What to work on:
The listing below is to be written out word for word, minus its images.

[Start of Attachment]

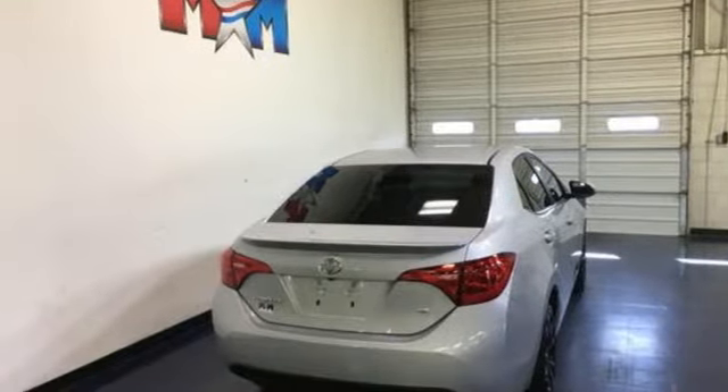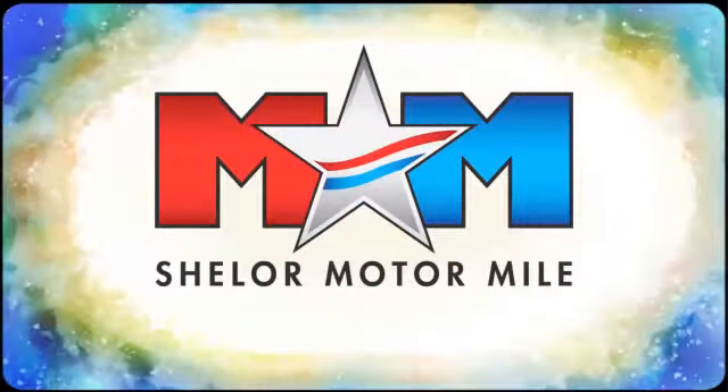There's even more to see in person. Take it for a test drive today. So come visit us on the Motor Mile, where you're always a name and never a number.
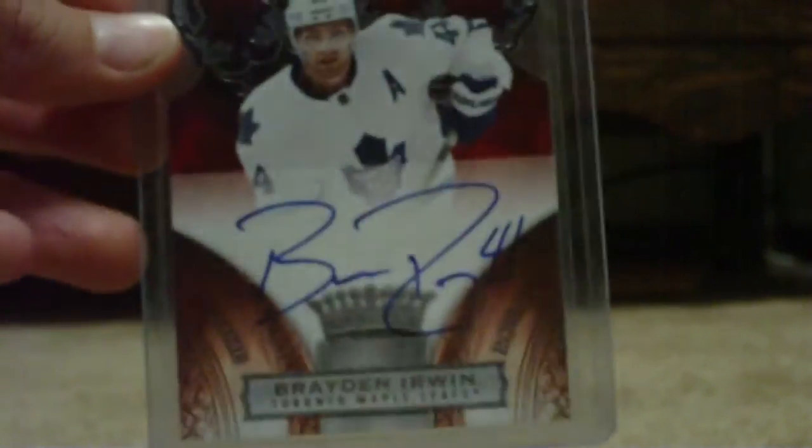Now, on to a pick up from eBay. I've been waiting on it for quite a while — a month I think — but it was coming from the States. I got this card at a pretty good deal. It's a Brad Erwin 10-11 Crown Royal Rookie Royalty Signature, out of $4.99.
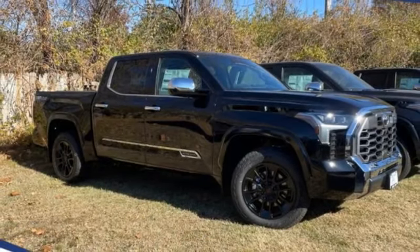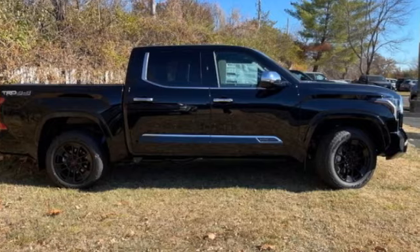If you like it online, you'll love it in your driveway. Take it for a spin today.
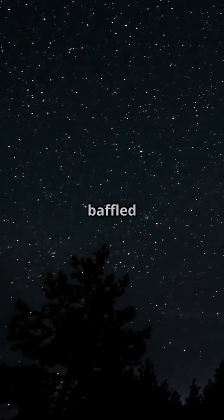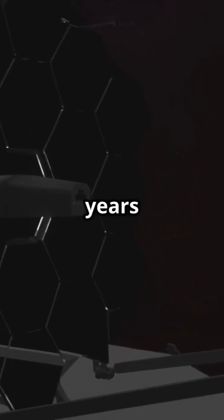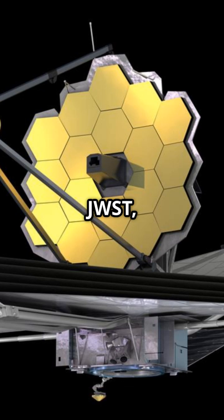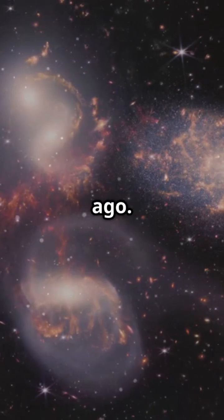If you're amazed by the night sky but baffled by how galaxies form, keep watching. NASA's Webb Telescope just unveiled 12 billion years of galaxy evolution. The James Webb Space Telescope, or JWST, is peering back in time, revealing galaxies as they appeared between 1 billion and 12 billion years ago.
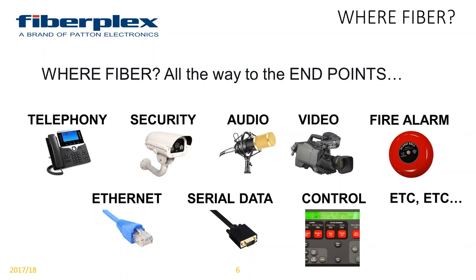Regardless of your signal type — whether you're working in serial data, audio, telephony, or security — when you're dealing with an infrastructure and any of it is copper, you've got a lot of areas for potential failure or interference. A lot of times fiber comes to a building, but within the building it ends up being all copper. I'm going to point out ways, both inside and outside plant, to utilize our solutions to get fiber all the way to the endpoint, all the way to the desk.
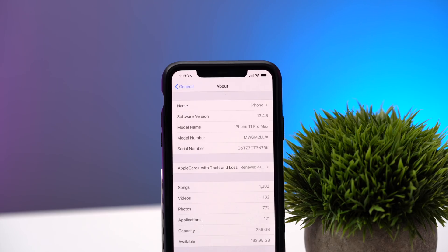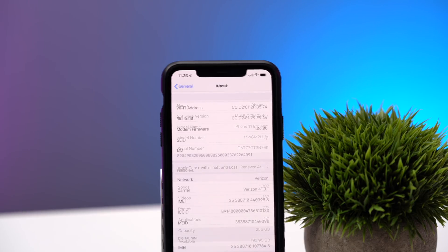In the About screen, there's some other information that has changed as well. Obviously the software version shows iOS 13.4.5, and the new build number is 17F5034C. If you go farther down in that menu, you'll see that we have new modem firmware: 1.06.00.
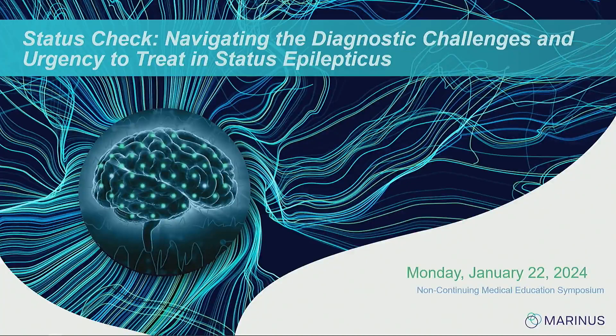Good afternoon everyone, thanks for joining us. My name is Lauren Kaufman. Today we're going to be talking about status check: navigating the diagnostic challenges and urgency to treat status epilepticus.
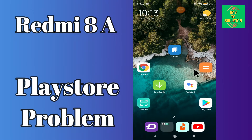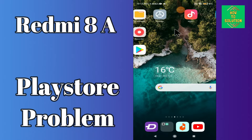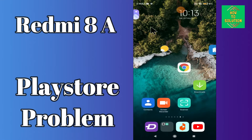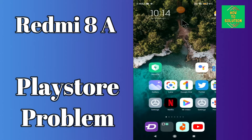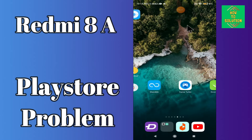Hello everyone! Today in this video I'm going to show you how you can solve the Play Store problem on your Redmi 8a device. If you're having any issue like your Play Store is not opening or is not working, I'll tell you a few tips and tricks that you can use to fix it. If you are new to my channel, don't forget to subscribe and press the bell icon. Watch the complete video and learn how you can fix it.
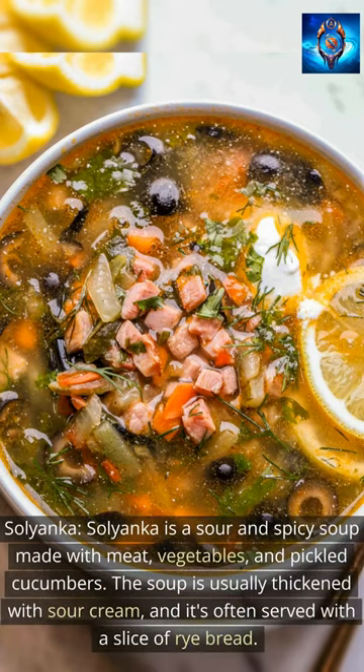Silyanka is a sour and spicy soup made with meat, vegetables, and pickled cucumbers. The soup is usually thickened with sour cream, and it's often served with a slice of rye bread.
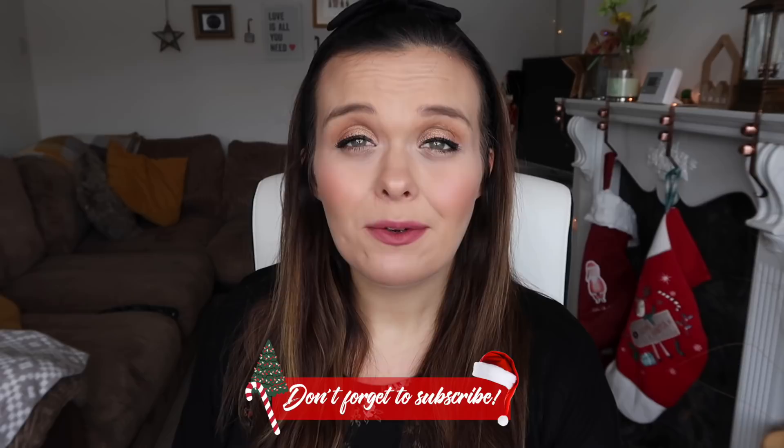Hi everyone and welcome back to my channel. This is going to be my current monthly favourites. I thought I would get into my recent favourites at the moment from Vlogmas today because I like to mix up my Vlogmas videos and I've got a few bits that I really want to share. So I'm going to get right into it.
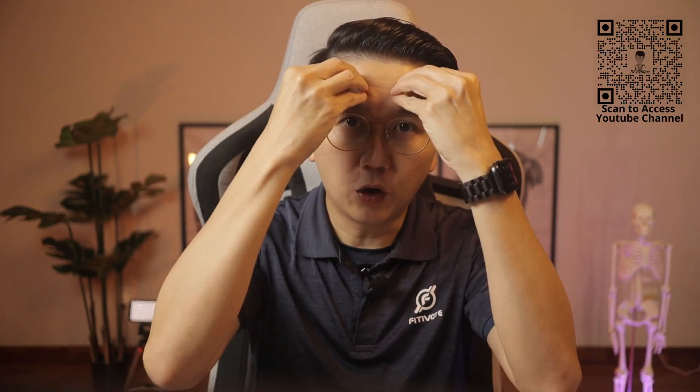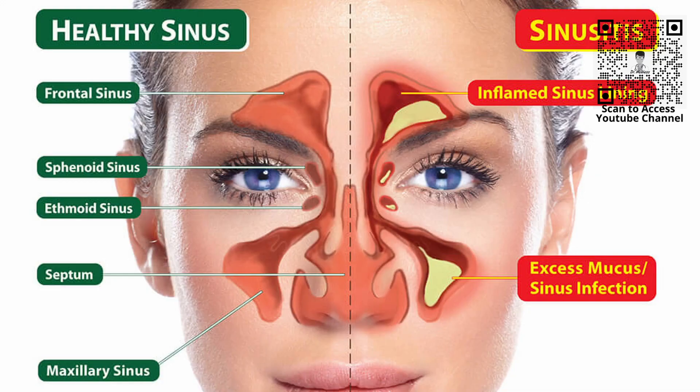There are empty pockets of spaces within our face called sinuses. Normally mucus is produced regularly from the sinuses and drains into our nasal cavity. However, certain illnesses or conditions can prevent this normal drainage of mucus out of the sinuses. When fluids build up in these air-filled pockets, germs can grow in them. When a sinus becomes infected, sinusitis occurs.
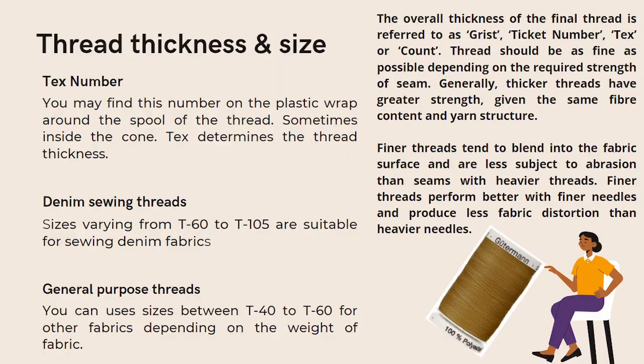When buying a thread, you have to keep in mind the tex number. The overall thickness of the final thread is referred to as the ticket number, tex, or the count. Thread should be as fine as possible depending on the required strength of the seam. Generally, thicker threads have greater strength. Finer threads tend to blend into the fabric surface and are less subject to abrasion than seams with heavier threads.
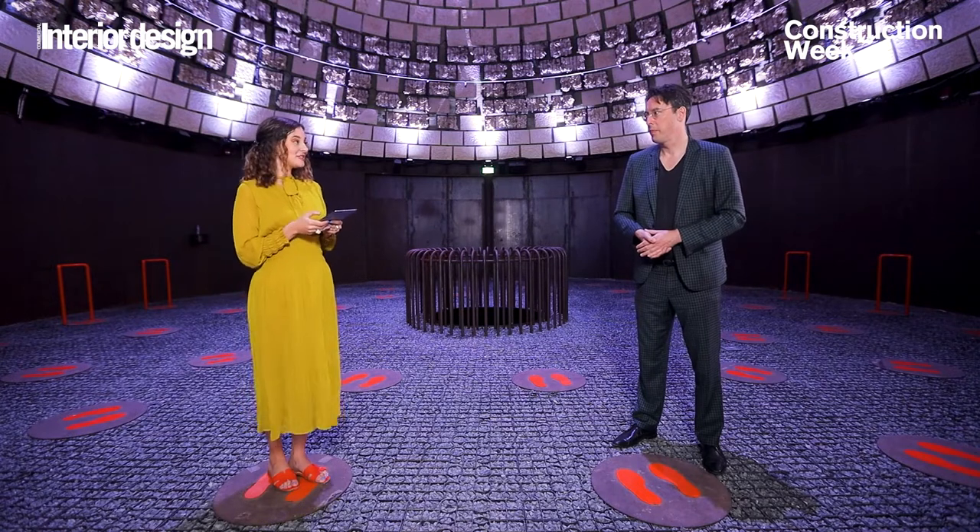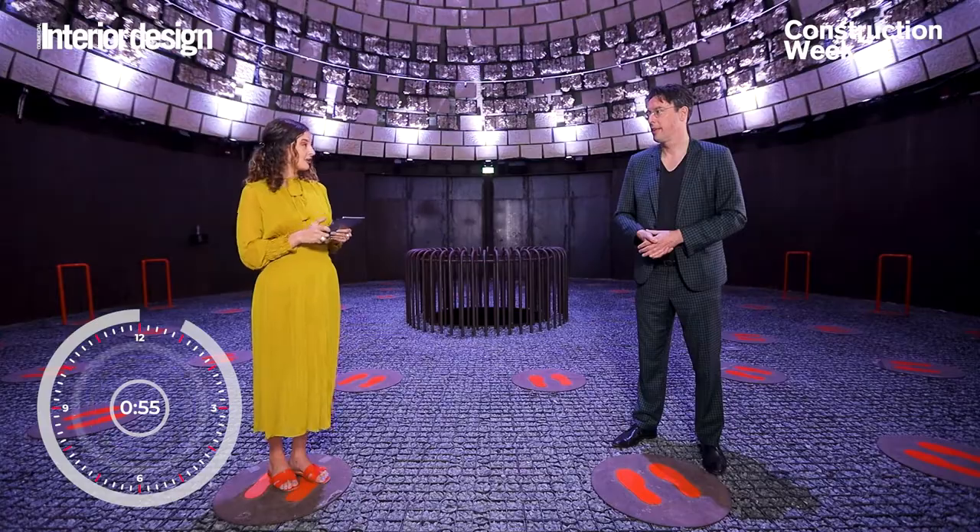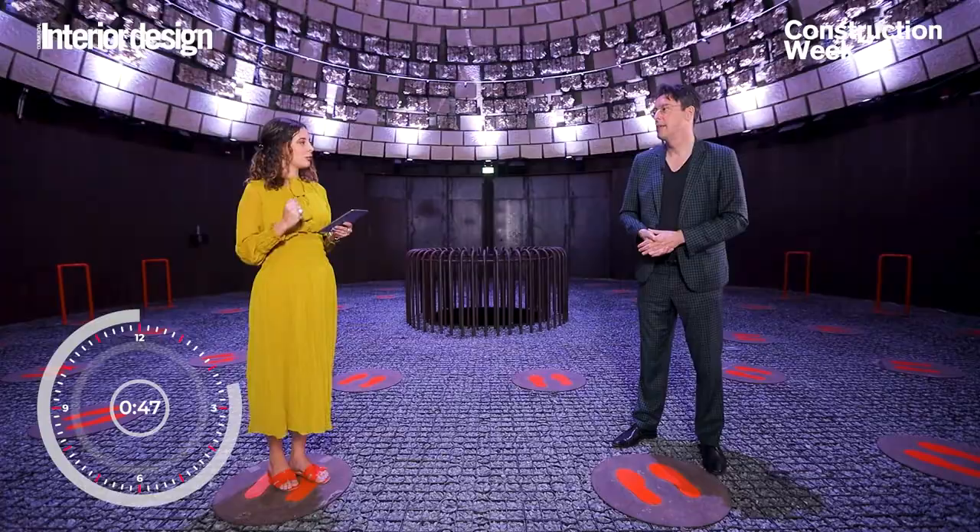All right Michele, your minute starts now. Which quarter of Expo can we find the Netherlands Pavilion at? Sustainability district. What is the pavilion's structure made from and why is it important? It's rented steel, construction material and bio-based finishes.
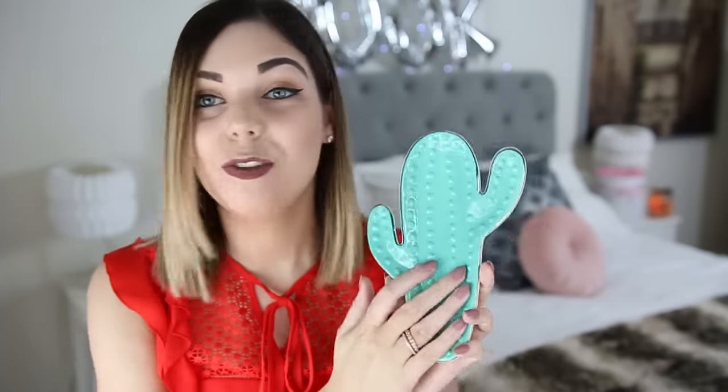Next up is this cactus tray. I'm really loving the whole cactus decor vibe at the moment — I'm redecorating my flat and going for a cactusy, blush, and grey vibe. This was £4 from Primark. It's a great little tray with a gold outline and a textured finish. I'm going to put some jewelry in there, or maybe some stationery bits — I haven't decided yet. You'll see where I put it in my home tour. Their cactus range is so good!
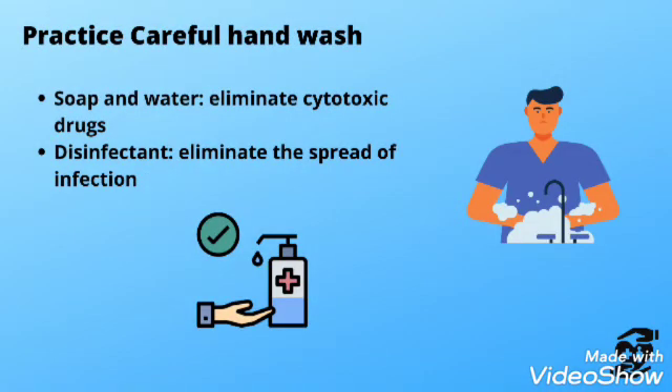Careful hand washing is essential. We know the seven steps of the hand washing method, and of course a minimum of 20 seconds is necessary for effective hand washing. Use soap and water or a disinfectant to eliminate the spread of infection.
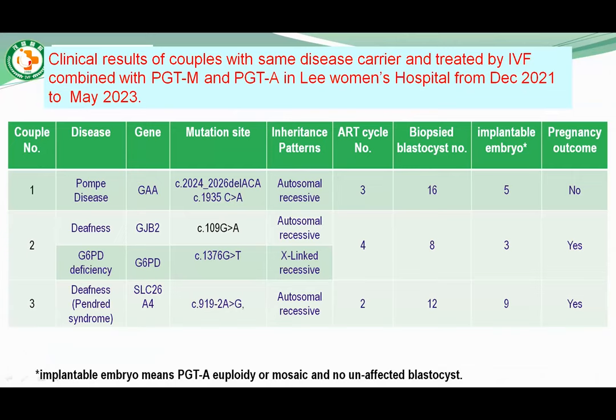The results of same detected disease carrier treatment by IVF combined with PGT-M and PGT-A in our hospital from December 2021 to May 2023 show three couples carrying a mutation in the same gene. Those conditions were Pompe disease, deafness, and G6PD disease.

[End of Attachment]

Result:
There's even more to see in person. Take it for a test drive today. So come visit us on the Motor Mile, where you're always a name and never a number.
Now, on to a pick up from eBay. I've been waiting on it for quite a while — a month I think — but it was coming from the States. I got this card at a pretty good deal. It's a Brad Erwin 10-11 Crown Royal Rookie Royalty Signature, out of $4.99.
If you like it online, you'll love it in your driveway. Take it for a spin today.
If you're amazed by the night sky but baffled by how galaxies form, keep watching. NASA's Webb Telescope just unveiled 12 billion years of galaxy evolution. The James Webb Space Telescope, or JWST, is peering back in time, revealing galaxies as they appeared between 1 billion and 12 billion years ago.
Regardless of your signal type — whether you're working in serial data, audio, telephony, or security — when you're dealing with an infrastructure and any of it is copper, you've got a lot of areas for potential failure or interference. A lot of times fiber comes to a building, but within the building it ends up being all copper. I'm going to point out ways, both inside and outside plant, to utilize our solutions to get fiber all the way to the endpoint, all the way to the desk.
In the About screen, there's some other information that has changed as well. Obviously the software version shows iOS 13.4.5, and the new build number is 17F5034C. If you go farther down in that menu, you'll see that we have new modem firmware: 1.06.00.
Good afternoon everyone, thanks for joining us. My name is Lauren Kaufman. Today we're going to be talking about status check: navigating the diagnostic challenges and urgency to treat status epilepticus.
Hello everyone! Today in this video I'm going to show you how you can solve the Play Store problem on your Redmi 8a device. If you're having any issue like your Play Store is not opening or is not working, I'll tell you a few tips and tricks that you can use to fix it. If you are new to my channel, don't forget to subscribe and press the bell icon. Watch the complete video and learn how you can fix it.
Silyanka is a sour and spicy soup made with meat, vegetables, and pickled cucumbers. The soup is usually thickened with sour cream, and it's often served with a slice of rye bread.
Hi everyone and welcome back to my channel. This is going to be my current monthly favourites. I thought I would get into my recent favourites at the moment from Vlogmas today because I like to mix up my Vlogmas videos and I've got a few bits that I really want to share. So I'm going to get right into it.
There are empty pockets of spaces within our face called sinuses. Normally mucus is produced regularly from the sinuses and drains into our nasal cavity. However, certain illnesses or conditions can prevent this normal drainage of mucus out of the sinuses. When fluids build up in these air-filled pockets, germs can grow in them. When a sinus becomes infected, sinusitis occurs.
When buying a thread, you have to keep in mind the tex number. The overall thickness of the final thread is referred to as the ticket number, tex, or the count. Thread should be as fine as possible depending on the required strength of the seam. Generally, thicker threads have greater strength. Finer threads tend to blend into the fabric surface and are less subject to abrasion than seams with heavier threads.
All right Michele, your minute starts now. Which quarter of Expo can we find the Netherlands Pavilion at? Sustainability district. What is the pavilion's structure made from and why is it important? It's rented steel, construction material and bio-based finishes.
Next up is this cactus tray. I'm really loving the whole cactus decor vibe at the moment — I'm redecorating my flat and going for a cactusy, blush, and grey vibe. This was £4 from Primark. It's a great little tray with a gold outline and a textured finish. I'm going to put some jewelry in there, or maybe some stationery bits — I haven't decided yet. You'll see where I put it in my home tour. Their cactus range is so good!
Careful hand washing is essential. We know the seven steps of the hand washing method, and of course a minimum of 20 seconds is necessary for effective hand washing. Use soap and water or a disinfectant to eliminate the spread of infection.
The results of same detected disease carrier treatment by IVF combined with PGT-M and PGT-A in our hospital from December 2021 to May 2023 show three couples carrying a mutation in the same gene. Those conditions were Pompe disease, deafness, and G6PD disease.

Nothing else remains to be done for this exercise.